=== Problem details ===
Every entry must be set down exactly in the answer; no pictures should appear.

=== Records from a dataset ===

○ ○ ○ ○

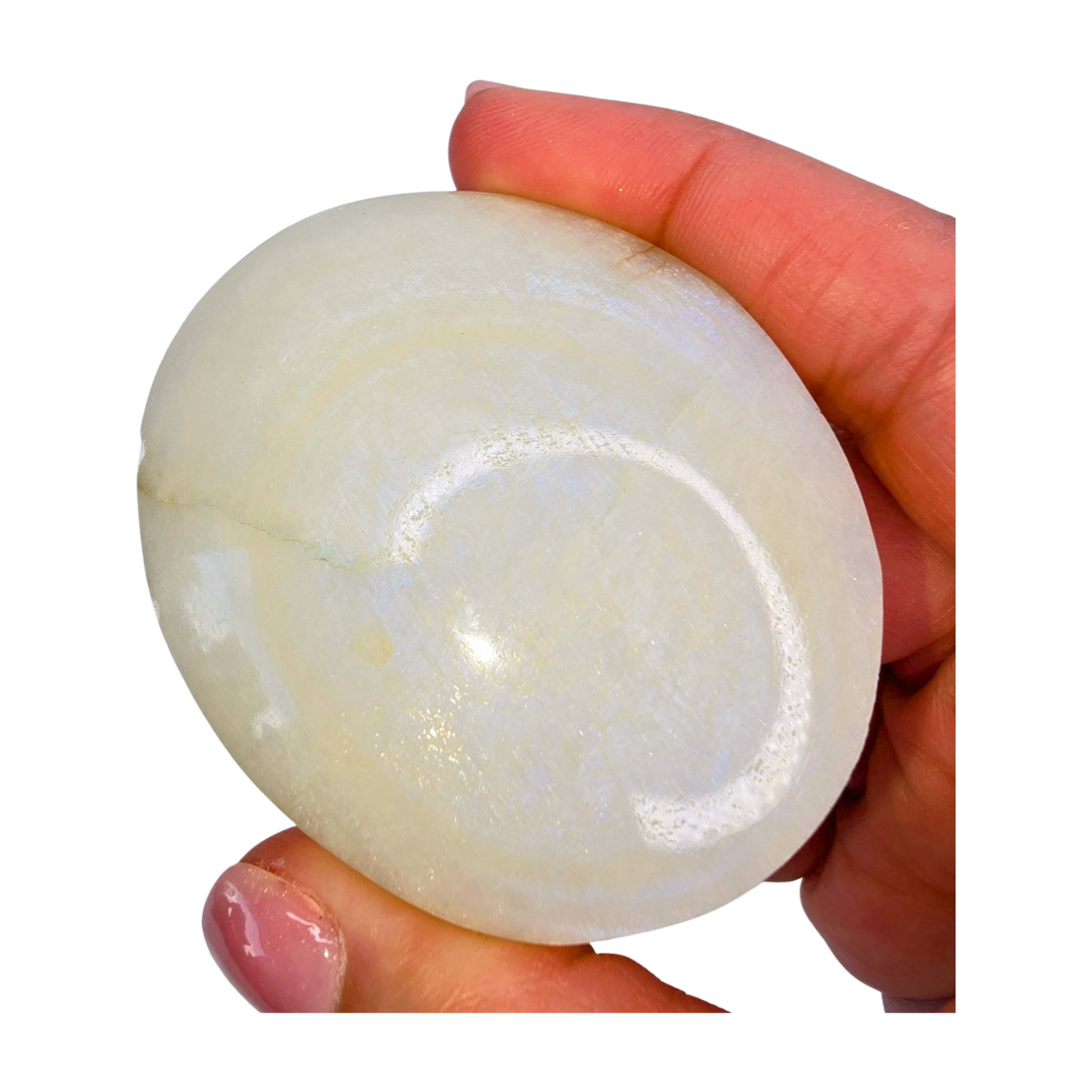 White Moonstone Palm Stone (AAA with Flash)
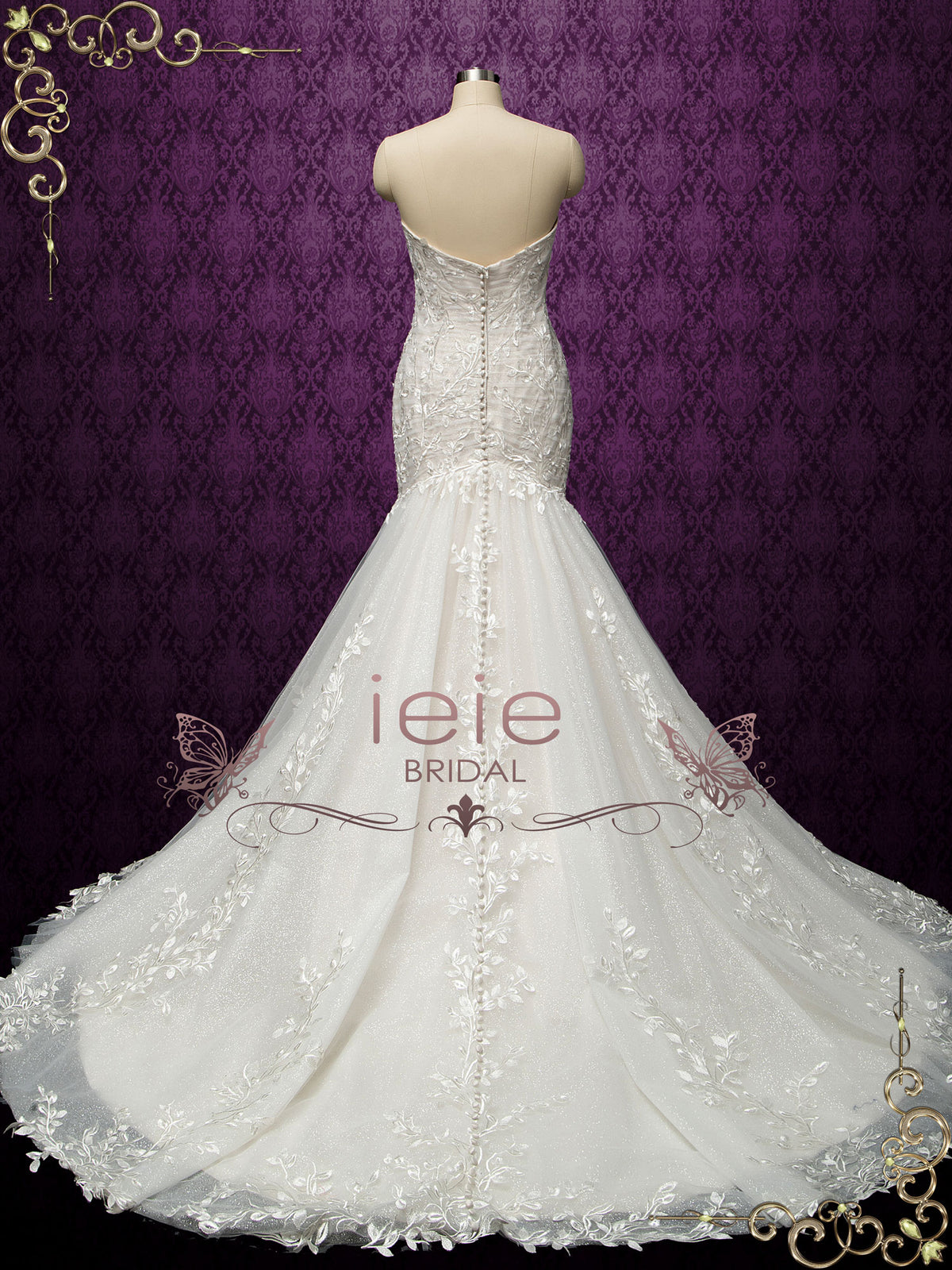Strapless Lace Fit and Flare Wedding Dress LEIGH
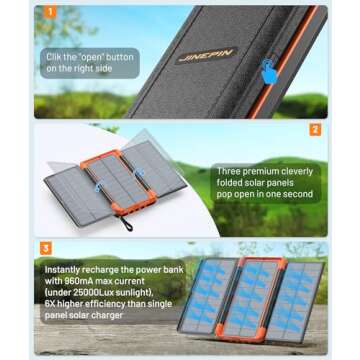 Power Bank Solar Charger 46800mAh Built in 4 Cables 3 Foldable Solar Panels, PD20W Fast Charging Por...
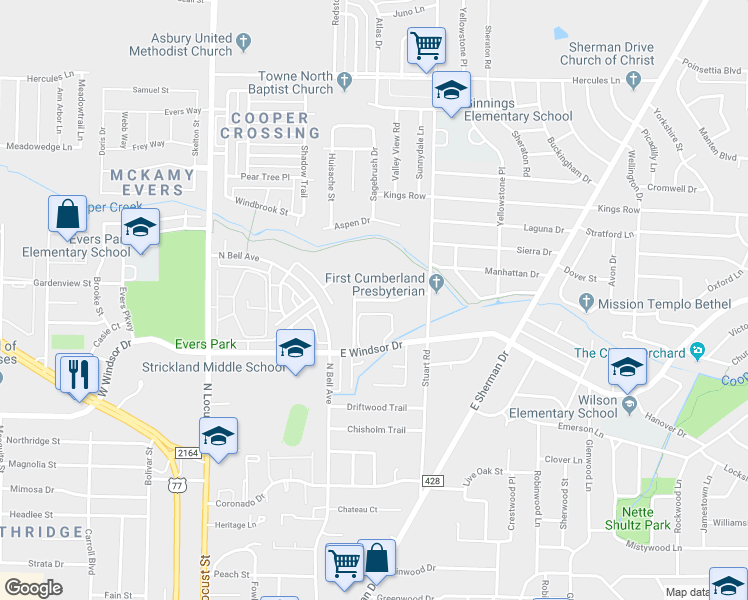 map of restaurants, bars, coffee shops, grocery stores, and more near 711 Wolftrap Drive in Denton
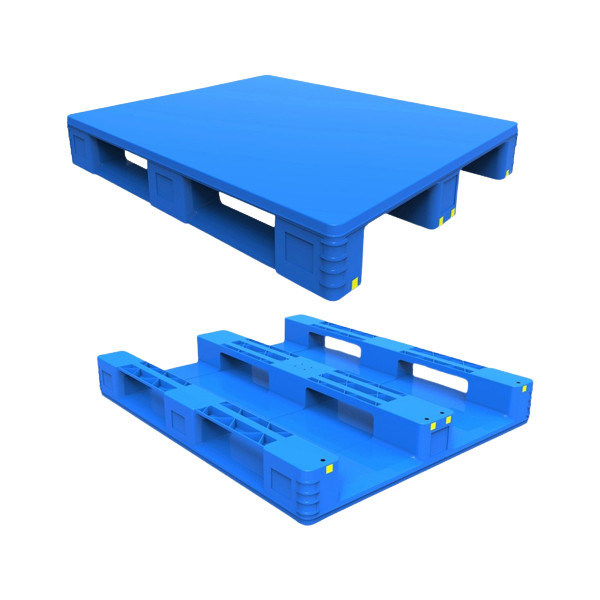 Hygienic 3 Runner Plastic Pallet Reinforced Flat Racking for Racking Load of 1200 kg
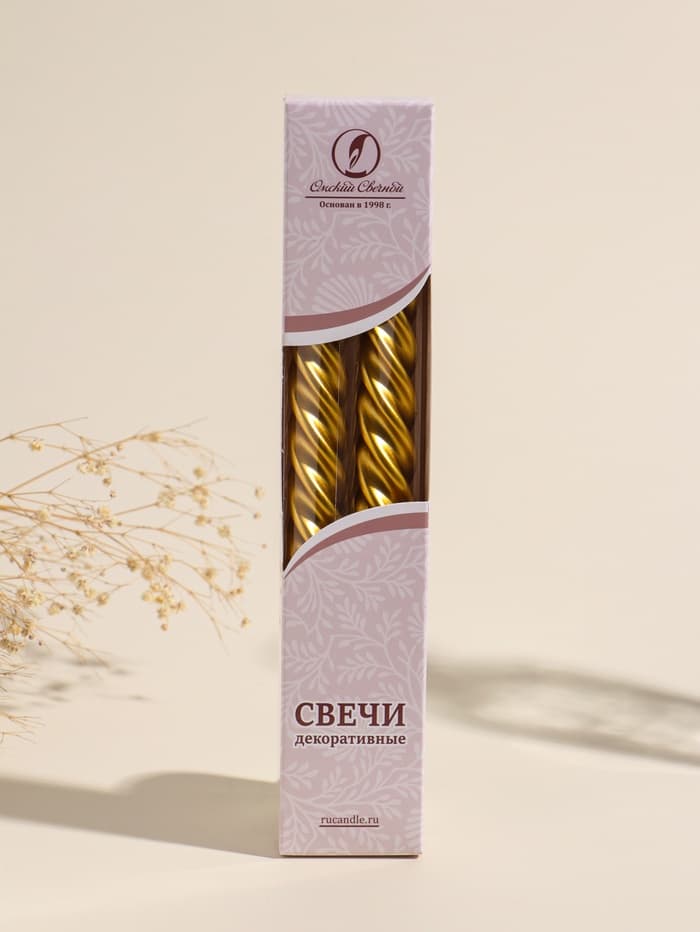Набор свечей витых, 2.3×24.5 см, 5 ч, 50 г, 2 шт., золотой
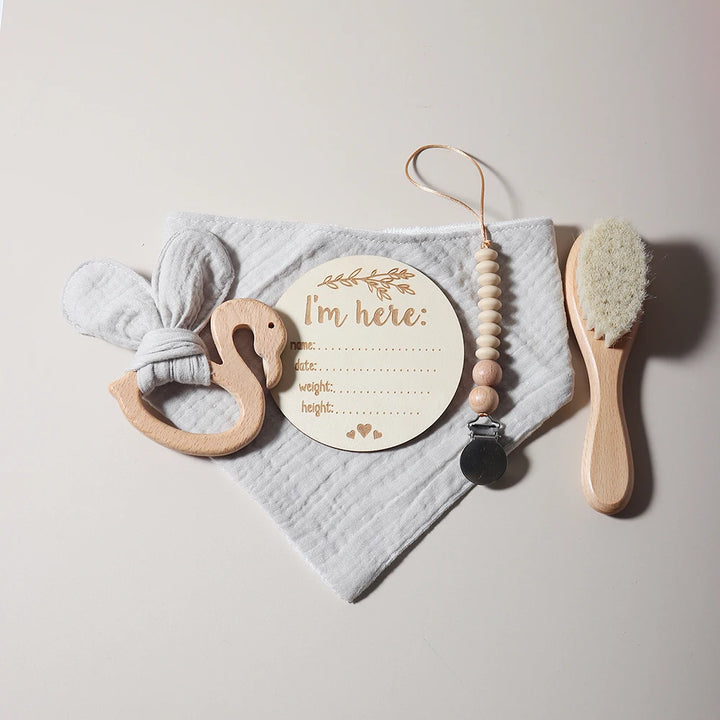 Baby Flamingo Teether & Bib Set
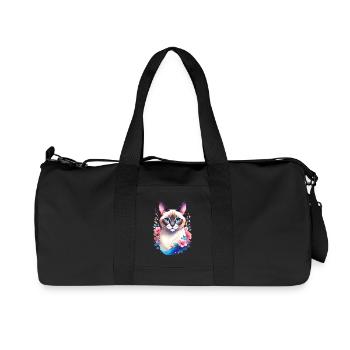 Siamese Cat Portrait - Recycled Canvas Sports Bag by Stanley/Stella - black - Front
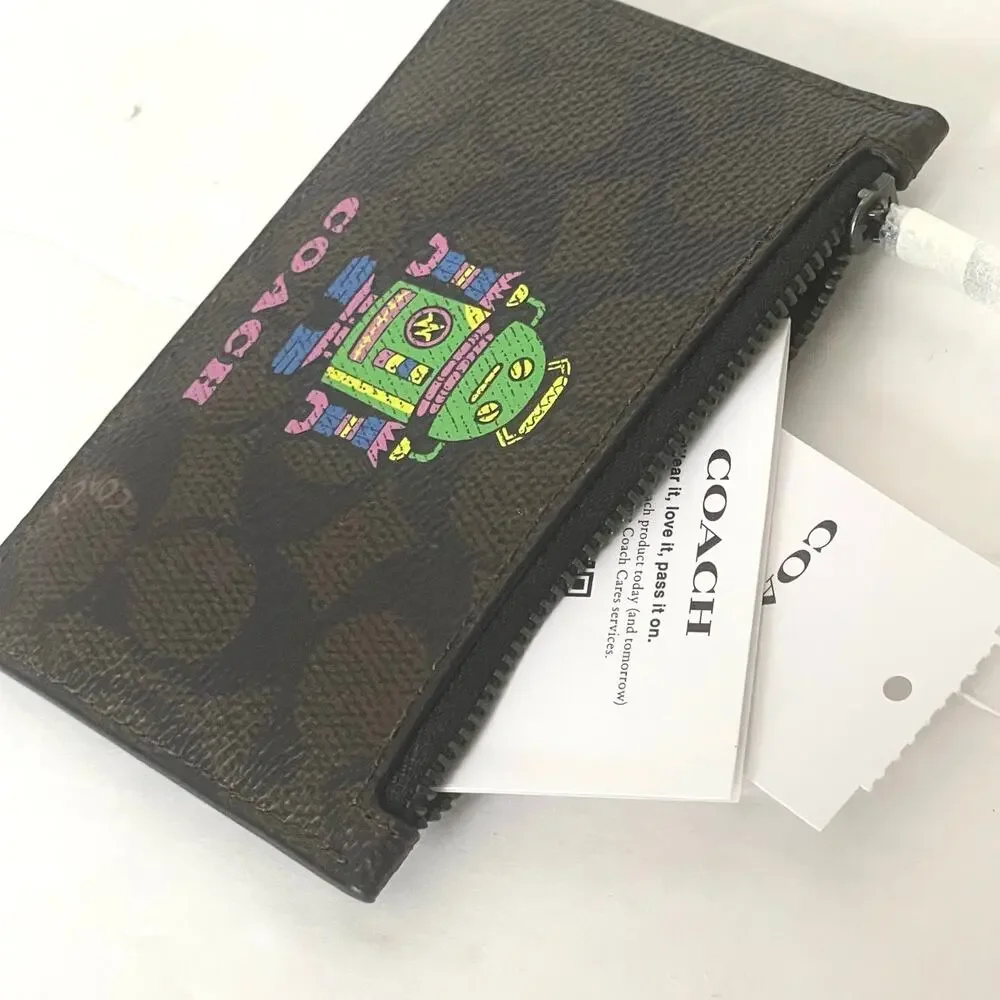 Coach Cosmic Robot Zip Card Case CW223 Brown Leather Wallet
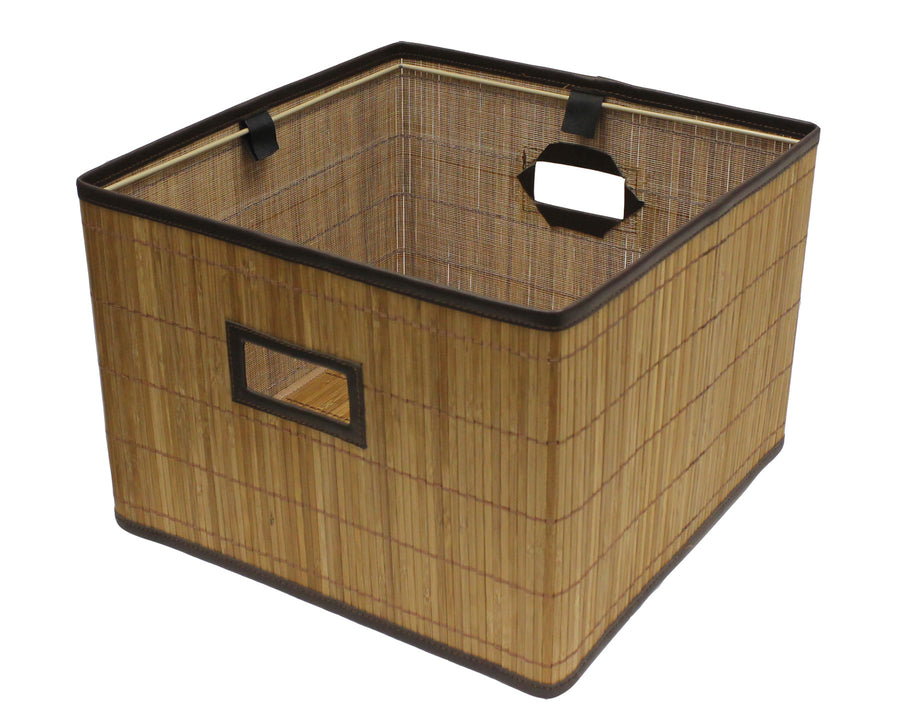 Brown Natural Bamboo Square Storage Bin Container with Cloth Liner [3 Pack]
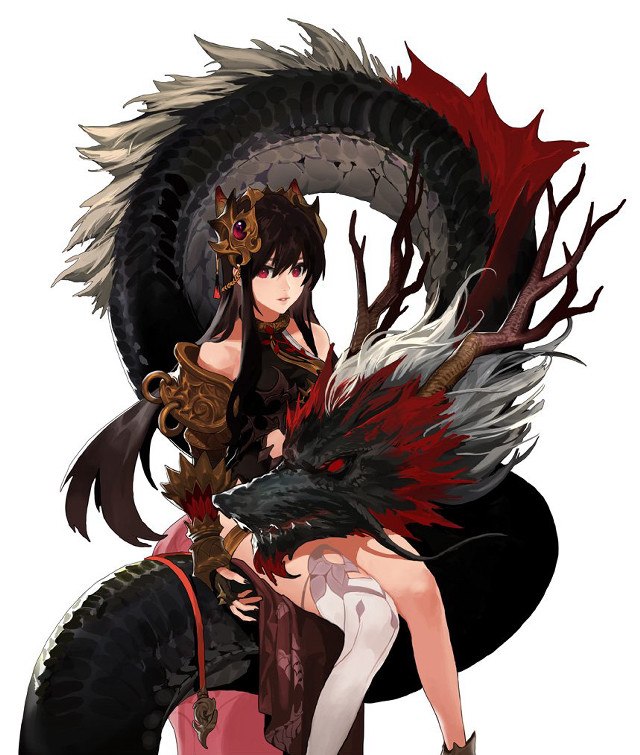 Woman dragon sword demon sitting free wallpaper for mobile - medium preview image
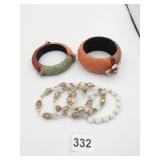 FABRIC COVERED BANGLE BRACELETS SET OF 4 CRYSTAL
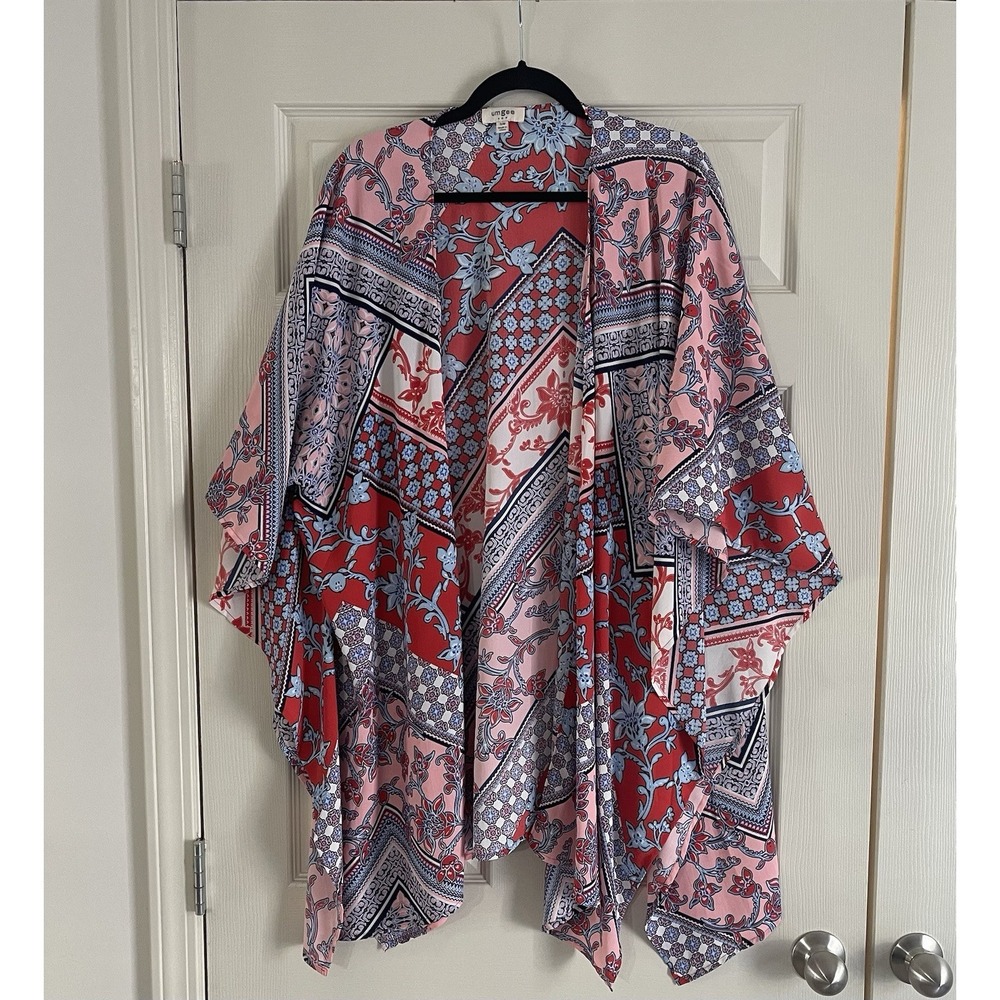 Umgee Pink Floral Open Front Midsleeve Split Hem Oversized Kimono‎ Duster  S/M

○ ○ ○ ○

=== Task result ===
 White Moonstone Palm Stone (AAA with Flash)
Strapless Lace Fit and Flare Wedding Dress LEIGH
 Power Bank Solar Charger 46800mAh Built in 4 Cables 3 Foldable Solar Panels, PD20W Fast Charging Por...
 map of restaurants, bars, coffee shops, grocery stores, and more near 711 Wolftrap Drive in Denton
 Hygienic 3 Runner Plastic Pallet Reinforced Flat Racking for Racking Load of 1200 kg
Набор свечей витых, 2.3×24.5 см, 5 ч, 50 г, 2 шт., золотой
 Baby Flamingo Teether & Bib Set
 Siamese Cat Portrait - Recycled Canvas Sports Bag by Stanley/Stella - black - Front
 Coach Cosmic Robot Zip Card Case CW223 Brown Leather Wallet
 Brown Natural Bamboo Square Storage Bin Container with Cloth Liner [3 Pack]
 Woman dragon sword demon sitting free wallpaper for mobile - medium preview image
 FABRIC COVERED BANGLE BRACELETS SET OF 4 CRYSTAL
 Umgee Pink Floral Open Front Midsleeve Split Hem Oversized Kimono‎ Duster  S/M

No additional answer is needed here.